A corrida pela inteligência artificial atingiu um ponto de inflexão nas salas de diretoria globais. Segundo uma nova pesquisa da EY-Parthenon, que ouviu 1.200 CEOs em 21 países, a estratégia corporativa está sendo moldada pela necessidade urgente de adaptar o capital humano à nova realidade tecnológica. O levantamento aponta que 80% das empresas aceleraram seus investimentos em IA neste ano, com 99% dos líderes esperando mudanças profundas em suas estruturas de trabalho nos próximos três anos.

O desafio, contudo, não é apenas financeiro ou técnico, mas fundamentalmente organizacional.
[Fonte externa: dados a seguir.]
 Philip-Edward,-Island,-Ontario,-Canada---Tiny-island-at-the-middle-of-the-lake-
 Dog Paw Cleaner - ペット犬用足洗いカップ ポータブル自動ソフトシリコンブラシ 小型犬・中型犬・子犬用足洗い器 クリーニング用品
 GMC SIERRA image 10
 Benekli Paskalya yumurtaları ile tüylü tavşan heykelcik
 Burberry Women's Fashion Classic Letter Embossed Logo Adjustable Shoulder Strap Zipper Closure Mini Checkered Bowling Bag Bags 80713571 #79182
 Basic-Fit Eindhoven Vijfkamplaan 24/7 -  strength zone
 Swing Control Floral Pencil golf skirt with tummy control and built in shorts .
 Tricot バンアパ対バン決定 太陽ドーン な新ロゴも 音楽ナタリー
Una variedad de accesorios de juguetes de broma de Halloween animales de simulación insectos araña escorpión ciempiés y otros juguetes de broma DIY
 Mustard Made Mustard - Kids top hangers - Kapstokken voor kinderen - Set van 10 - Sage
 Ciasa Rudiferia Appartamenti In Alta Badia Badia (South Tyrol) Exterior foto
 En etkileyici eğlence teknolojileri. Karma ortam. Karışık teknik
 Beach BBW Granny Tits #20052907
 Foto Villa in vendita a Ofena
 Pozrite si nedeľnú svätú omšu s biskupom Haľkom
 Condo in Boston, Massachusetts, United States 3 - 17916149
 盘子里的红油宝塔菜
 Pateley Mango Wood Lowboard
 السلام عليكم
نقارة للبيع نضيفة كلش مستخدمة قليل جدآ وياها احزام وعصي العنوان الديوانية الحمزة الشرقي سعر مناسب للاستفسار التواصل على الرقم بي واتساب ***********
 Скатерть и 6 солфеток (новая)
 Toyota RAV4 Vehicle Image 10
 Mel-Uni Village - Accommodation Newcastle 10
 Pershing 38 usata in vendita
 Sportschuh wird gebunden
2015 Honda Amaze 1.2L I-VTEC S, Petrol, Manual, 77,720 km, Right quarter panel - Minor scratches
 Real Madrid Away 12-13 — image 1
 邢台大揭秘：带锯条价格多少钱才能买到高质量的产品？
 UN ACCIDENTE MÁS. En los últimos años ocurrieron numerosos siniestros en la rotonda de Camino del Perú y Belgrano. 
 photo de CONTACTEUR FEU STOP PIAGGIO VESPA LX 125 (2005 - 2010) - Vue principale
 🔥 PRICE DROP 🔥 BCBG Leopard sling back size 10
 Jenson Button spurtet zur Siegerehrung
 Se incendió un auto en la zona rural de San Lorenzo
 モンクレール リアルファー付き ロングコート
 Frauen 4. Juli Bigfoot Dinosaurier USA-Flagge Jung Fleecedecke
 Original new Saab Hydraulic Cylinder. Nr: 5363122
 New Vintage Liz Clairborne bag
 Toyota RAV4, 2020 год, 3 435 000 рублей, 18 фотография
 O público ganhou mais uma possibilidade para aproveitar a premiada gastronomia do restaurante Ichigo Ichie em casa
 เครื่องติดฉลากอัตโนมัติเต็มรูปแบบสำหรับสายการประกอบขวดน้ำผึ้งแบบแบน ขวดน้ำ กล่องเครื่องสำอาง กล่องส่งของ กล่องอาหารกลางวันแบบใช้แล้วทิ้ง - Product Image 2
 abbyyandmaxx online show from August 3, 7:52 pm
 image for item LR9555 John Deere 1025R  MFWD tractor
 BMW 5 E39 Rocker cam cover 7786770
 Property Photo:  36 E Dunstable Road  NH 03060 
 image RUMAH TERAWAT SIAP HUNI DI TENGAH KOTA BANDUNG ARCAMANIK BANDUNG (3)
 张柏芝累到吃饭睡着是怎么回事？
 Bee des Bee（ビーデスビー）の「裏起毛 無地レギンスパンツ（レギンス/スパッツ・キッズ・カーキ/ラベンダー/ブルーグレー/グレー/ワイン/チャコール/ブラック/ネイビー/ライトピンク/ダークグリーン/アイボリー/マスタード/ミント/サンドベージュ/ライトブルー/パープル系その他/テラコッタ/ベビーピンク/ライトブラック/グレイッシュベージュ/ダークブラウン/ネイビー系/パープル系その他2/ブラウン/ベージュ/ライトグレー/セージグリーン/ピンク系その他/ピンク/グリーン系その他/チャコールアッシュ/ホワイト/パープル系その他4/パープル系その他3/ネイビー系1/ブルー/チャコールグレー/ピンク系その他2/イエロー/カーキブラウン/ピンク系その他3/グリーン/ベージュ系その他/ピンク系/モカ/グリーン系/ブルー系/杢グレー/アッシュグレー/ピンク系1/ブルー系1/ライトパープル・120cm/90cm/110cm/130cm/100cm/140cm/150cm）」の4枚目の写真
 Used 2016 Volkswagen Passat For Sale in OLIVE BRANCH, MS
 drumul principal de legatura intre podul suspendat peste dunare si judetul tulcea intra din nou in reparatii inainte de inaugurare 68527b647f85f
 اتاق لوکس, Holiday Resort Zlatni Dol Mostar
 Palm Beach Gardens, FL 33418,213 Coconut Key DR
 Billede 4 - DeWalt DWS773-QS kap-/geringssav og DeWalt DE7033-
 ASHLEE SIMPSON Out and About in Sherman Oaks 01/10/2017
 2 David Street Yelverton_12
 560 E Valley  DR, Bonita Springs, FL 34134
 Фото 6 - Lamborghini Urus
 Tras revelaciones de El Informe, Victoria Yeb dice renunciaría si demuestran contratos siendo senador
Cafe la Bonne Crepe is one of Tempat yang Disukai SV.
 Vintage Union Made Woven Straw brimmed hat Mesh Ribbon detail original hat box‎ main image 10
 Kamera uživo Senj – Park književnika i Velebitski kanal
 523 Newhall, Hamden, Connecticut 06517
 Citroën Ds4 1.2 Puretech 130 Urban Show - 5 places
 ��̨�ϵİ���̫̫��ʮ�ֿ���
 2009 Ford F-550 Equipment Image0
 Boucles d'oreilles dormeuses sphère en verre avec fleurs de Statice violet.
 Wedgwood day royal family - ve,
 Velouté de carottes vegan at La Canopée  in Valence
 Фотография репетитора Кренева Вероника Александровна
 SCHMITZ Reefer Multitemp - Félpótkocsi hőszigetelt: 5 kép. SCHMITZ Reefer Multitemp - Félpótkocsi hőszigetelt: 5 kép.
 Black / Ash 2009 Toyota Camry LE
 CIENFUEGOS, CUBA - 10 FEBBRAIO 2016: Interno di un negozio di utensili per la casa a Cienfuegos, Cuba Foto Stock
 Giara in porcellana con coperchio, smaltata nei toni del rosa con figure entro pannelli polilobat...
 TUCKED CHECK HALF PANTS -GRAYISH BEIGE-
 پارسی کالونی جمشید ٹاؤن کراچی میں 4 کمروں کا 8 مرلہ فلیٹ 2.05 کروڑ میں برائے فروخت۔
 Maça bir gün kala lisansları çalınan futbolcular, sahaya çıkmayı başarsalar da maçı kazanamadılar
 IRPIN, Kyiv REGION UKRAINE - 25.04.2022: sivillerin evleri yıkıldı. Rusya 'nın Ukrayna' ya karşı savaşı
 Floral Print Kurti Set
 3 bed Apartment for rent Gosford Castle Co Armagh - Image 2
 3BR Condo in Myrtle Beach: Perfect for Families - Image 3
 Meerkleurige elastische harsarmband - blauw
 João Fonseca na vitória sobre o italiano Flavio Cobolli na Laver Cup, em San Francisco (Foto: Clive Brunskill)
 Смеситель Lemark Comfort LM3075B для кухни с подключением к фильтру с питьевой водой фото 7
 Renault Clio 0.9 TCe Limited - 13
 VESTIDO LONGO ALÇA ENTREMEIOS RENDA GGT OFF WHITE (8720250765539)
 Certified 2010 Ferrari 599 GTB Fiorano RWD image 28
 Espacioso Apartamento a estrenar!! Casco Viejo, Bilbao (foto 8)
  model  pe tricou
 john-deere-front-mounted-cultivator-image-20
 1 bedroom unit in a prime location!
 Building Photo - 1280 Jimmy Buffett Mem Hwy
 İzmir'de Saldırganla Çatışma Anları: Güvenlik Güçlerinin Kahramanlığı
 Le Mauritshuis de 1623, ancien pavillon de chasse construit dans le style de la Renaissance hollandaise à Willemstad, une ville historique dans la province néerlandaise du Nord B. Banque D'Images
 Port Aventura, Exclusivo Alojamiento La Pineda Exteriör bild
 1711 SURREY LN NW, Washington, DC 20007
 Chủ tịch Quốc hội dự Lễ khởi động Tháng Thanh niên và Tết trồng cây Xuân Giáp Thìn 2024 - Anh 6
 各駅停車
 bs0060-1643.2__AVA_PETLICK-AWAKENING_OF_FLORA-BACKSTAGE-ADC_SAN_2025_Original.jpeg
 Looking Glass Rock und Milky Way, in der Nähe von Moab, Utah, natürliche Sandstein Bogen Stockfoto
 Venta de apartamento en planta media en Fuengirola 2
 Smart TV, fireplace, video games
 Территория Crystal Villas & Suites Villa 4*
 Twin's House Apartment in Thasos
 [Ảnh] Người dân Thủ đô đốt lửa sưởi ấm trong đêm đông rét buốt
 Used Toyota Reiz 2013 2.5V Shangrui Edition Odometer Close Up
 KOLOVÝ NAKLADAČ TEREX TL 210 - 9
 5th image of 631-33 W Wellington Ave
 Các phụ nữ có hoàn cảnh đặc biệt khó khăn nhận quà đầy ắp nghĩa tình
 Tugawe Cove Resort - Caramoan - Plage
Com 20% dos executivos apontando a escassez de habilidades internas como o maior obstáculo para a geração de valor, a resposta tem sido um movimento coordenado de requalificação. Cerca de 42% dos CEOs planejam iniciativas de upskilling e reskilling, enquanto 44% estão ativamente redesenhando funções para mesclar capacidades humanas e algoritmos, buscando otimizar a produtividade sem perder o foco na entrega central do negócio.

O desafio cultural da transição

A implementação de IA em escala exige mais do que a compra de licenças de software ou o treinamento em ferramentas específicas. Para um CEO do setor automotivo europeu citado na pesquisa, a transição é, antes de tudo, um desafio cultural. A liderança deve comunicar consistentemente que a IA funciona como um instrumento de apoio ao profissional, e não como uma substituição das competências técnicas que definem o ofício. Esse alinhamento é essencial para evitar o ressentimento na força de trabalho.

Além disso, a integração da aprendizagem no fluxo diário das operações é vista como um requisito para o sucesso. Um executivo do setor de varejo na América do Sul enfatizou que o treinamento não deve ser visto como um adicional, mas como parte integrante da jornada de trabalho. A resistência interna, muitas vezes alimentada pelo medo da obsolescência, torna a comunicação sobre o papel da IA um pilar da gestão de mudanças nas organizações modernas.

Mecanismos de adaptação estratégica

O movimento de requalificação ocorre em um cenário de pressão por resultados financeiros rápidos. Como a IA exige investimentos antes que os benefícios sejam totalmente comprovados, os CEOs enfrentam o dilema de manter a competitividade sem comprometer a resiliência financeira. A estratégia atual, segundo os dados, foca em preservar as bases existentes enquanto se integra a tecnologia de forma incremental para aumentar a eficiência operacional.

O redesenho de cargos é o mecanismo central desse processo. Ao combinar a capacidade de processamento da IA com o julgamento humano, as empresas esperam elevar a personalização e a agilidade nas operações. Paralelamente, o aumento na contratação de talentos especializados em dados e digital reflete a necessidade de construir uma infraestrutura interna capaz de sustentar essa transição, mitigando riscos de privacidade e segurança de dados que acompanham a adoção da tecnologia.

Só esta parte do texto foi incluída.